Starting at the line containing "USN Lined Coveralls, Jumper Size Small" and ending at the line containing "Actual product image", transcribe the listing below exactly. Keep both end lines, skip the pictures, and copy nothing else.
═══ DATA FOR REVIEW ═══
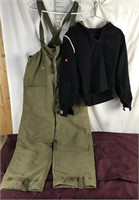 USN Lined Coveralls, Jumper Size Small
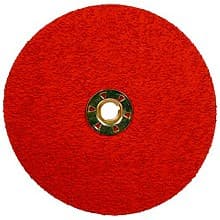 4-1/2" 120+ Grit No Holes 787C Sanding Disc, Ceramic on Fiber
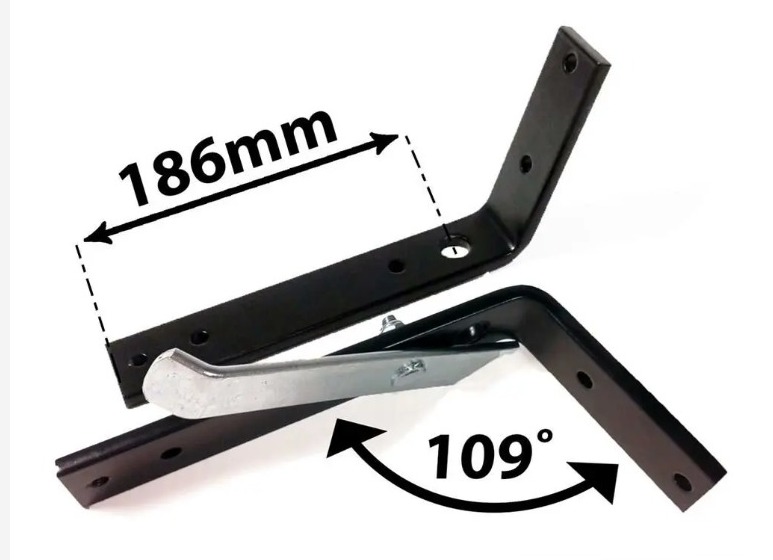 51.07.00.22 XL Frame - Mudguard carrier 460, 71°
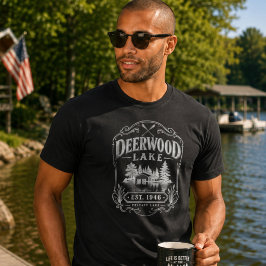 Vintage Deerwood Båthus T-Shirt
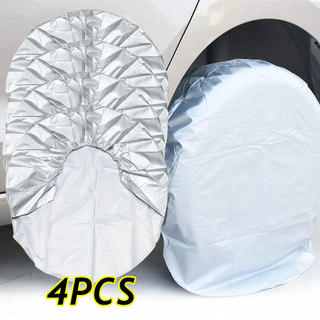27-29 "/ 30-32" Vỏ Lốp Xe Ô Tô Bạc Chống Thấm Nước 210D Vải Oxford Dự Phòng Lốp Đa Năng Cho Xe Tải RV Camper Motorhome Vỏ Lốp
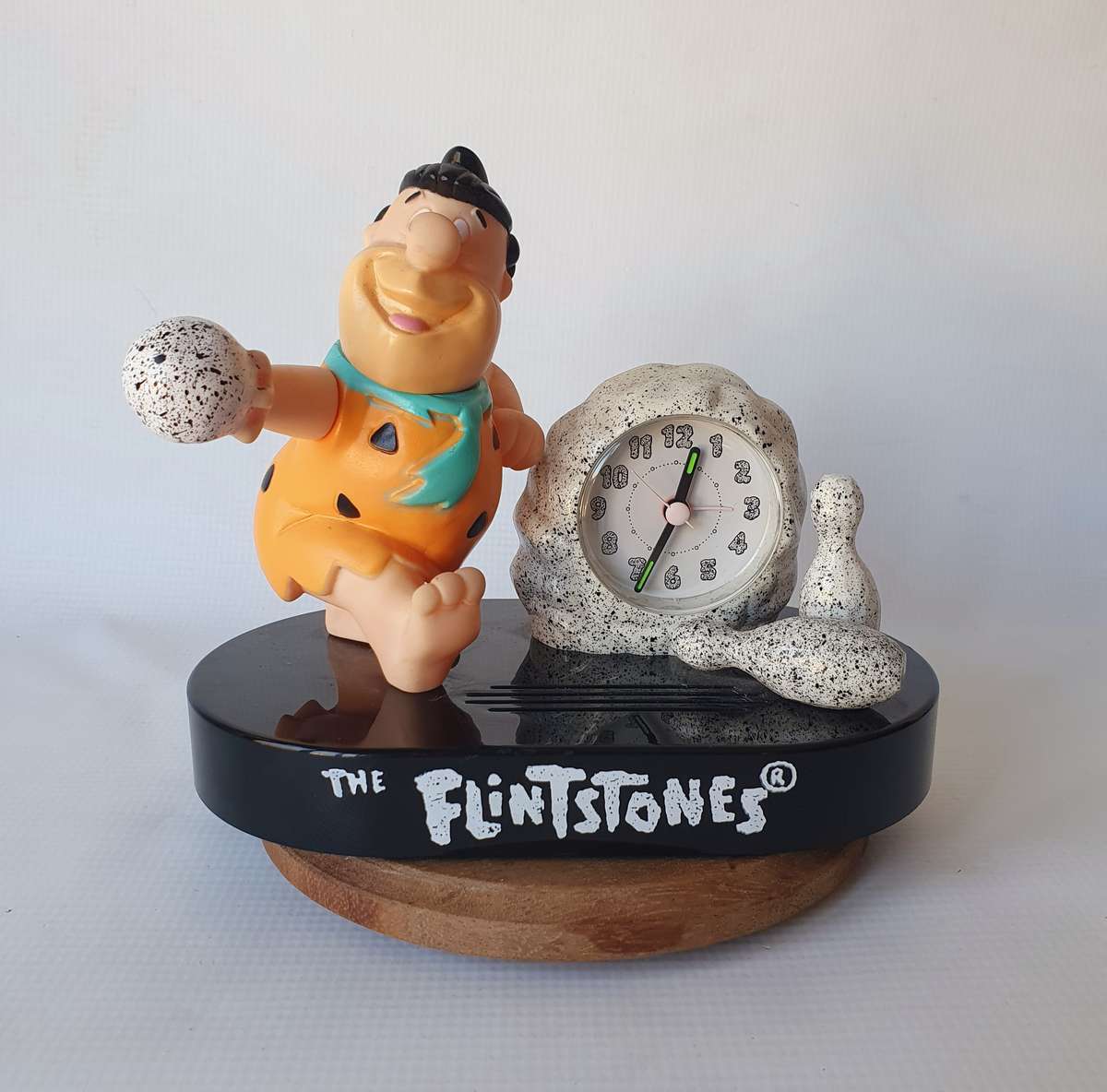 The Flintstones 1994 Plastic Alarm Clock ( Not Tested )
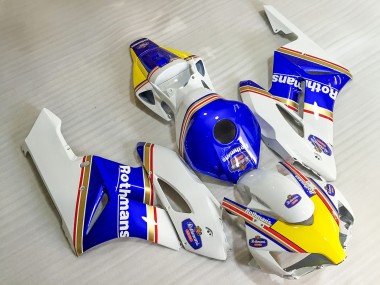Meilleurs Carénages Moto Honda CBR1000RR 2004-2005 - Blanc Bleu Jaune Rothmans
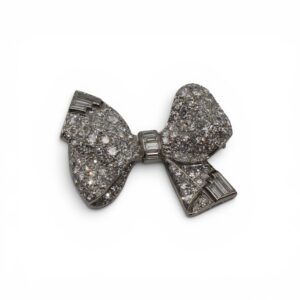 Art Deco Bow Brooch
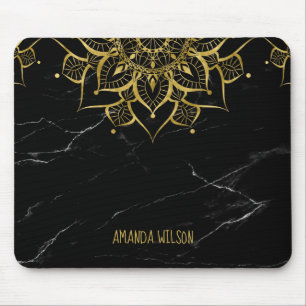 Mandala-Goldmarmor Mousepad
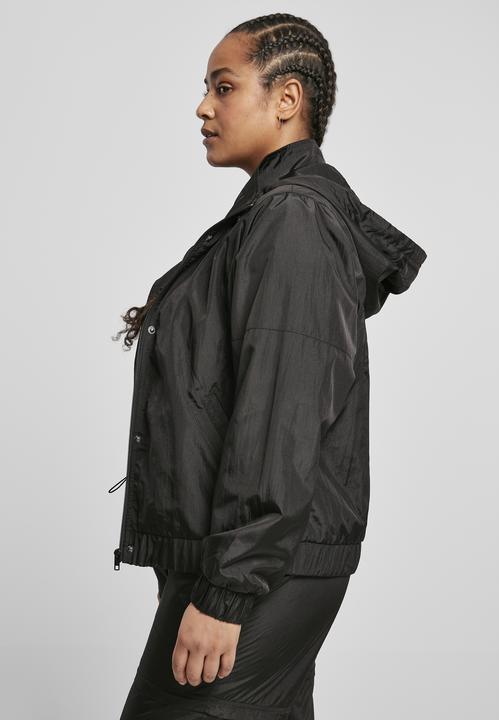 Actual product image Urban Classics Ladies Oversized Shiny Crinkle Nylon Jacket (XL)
═══
═══ DATA FOR REVIEW ═══
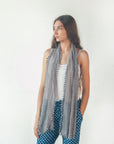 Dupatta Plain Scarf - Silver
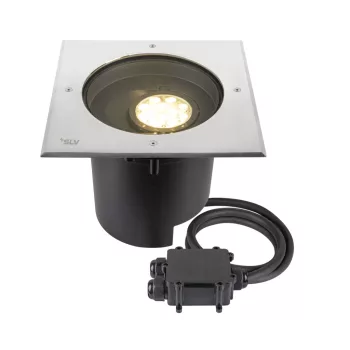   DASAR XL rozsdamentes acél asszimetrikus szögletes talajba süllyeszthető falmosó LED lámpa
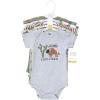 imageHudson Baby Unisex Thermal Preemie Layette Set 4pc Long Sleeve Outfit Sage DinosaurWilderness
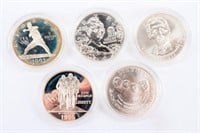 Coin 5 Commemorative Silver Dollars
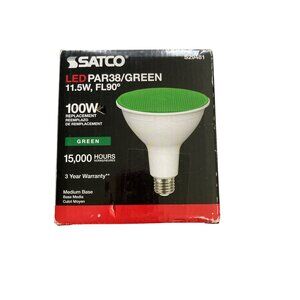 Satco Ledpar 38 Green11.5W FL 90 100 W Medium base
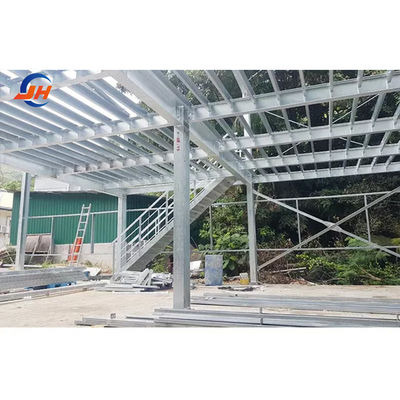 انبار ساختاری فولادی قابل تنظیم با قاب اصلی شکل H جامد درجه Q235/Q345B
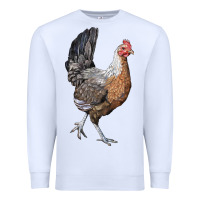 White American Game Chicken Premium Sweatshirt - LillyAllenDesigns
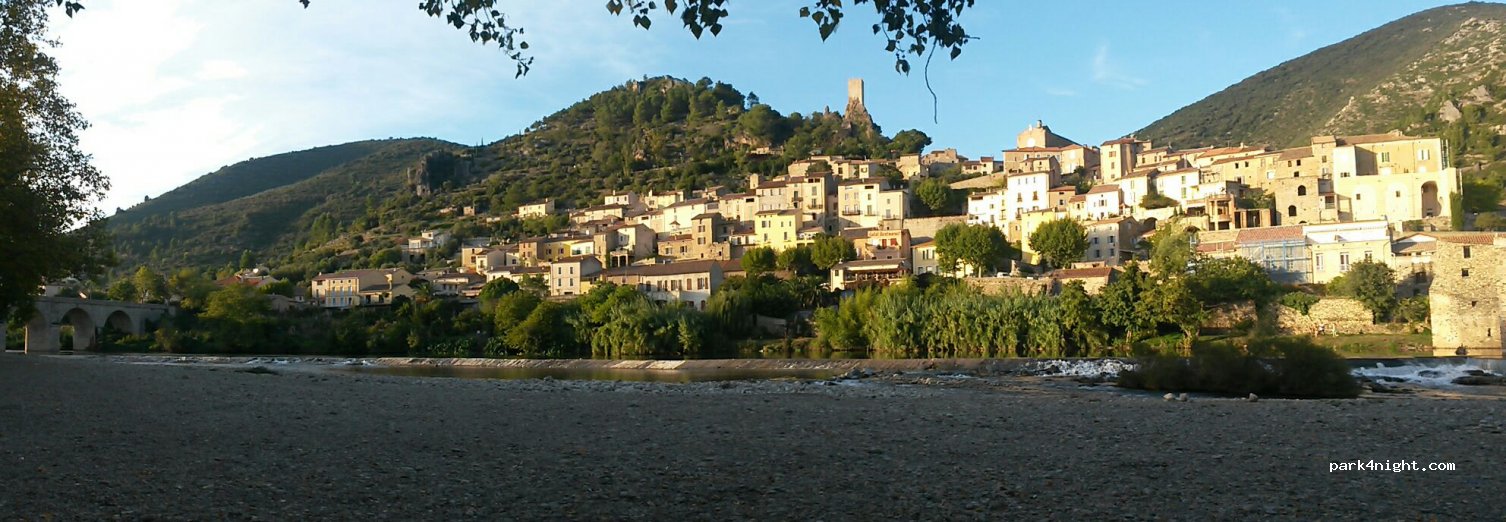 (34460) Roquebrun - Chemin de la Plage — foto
═══
═══ DATA FOR REVIEW ═══
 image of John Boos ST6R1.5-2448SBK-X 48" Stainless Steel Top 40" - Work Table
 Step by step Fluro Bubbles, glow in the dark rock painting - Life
═══
● PROBLEM SOLUTION:
 USN Lined Coveralls, Jumper Size Small
 4-1/2" 120+ Grit No Holes 787C Sanding Disc, Ceramic on Fiber
 51.07.00.22 XL Frame - Mudguard carrier 460, 71°
 Vintage Deerwood Båthus T-Shirt
27-29 "/ 30-32" Vỏ Lốp Xe Ô Tô Bạc Chống Thấm Nước 210D Vải Oxford Dự Phòng Lốp Đa Năng Cho Xe Tải RV Camper Motorhome Vỏ Lốp
 The Flintstones 1994 Plastic Alarm Clock ( Not Tested )
Meilleurs Carénages Moto Honda CBR1000RR 2004-2005 - Blanc Bleu Jaune Rothmans
 Art Deco Bow Brooch
 Mandala-Goldmarmor Mousepad
 Actual product image Urban Classics Ladies Oversized Shiny Crinkle Nylon Jacket (XL)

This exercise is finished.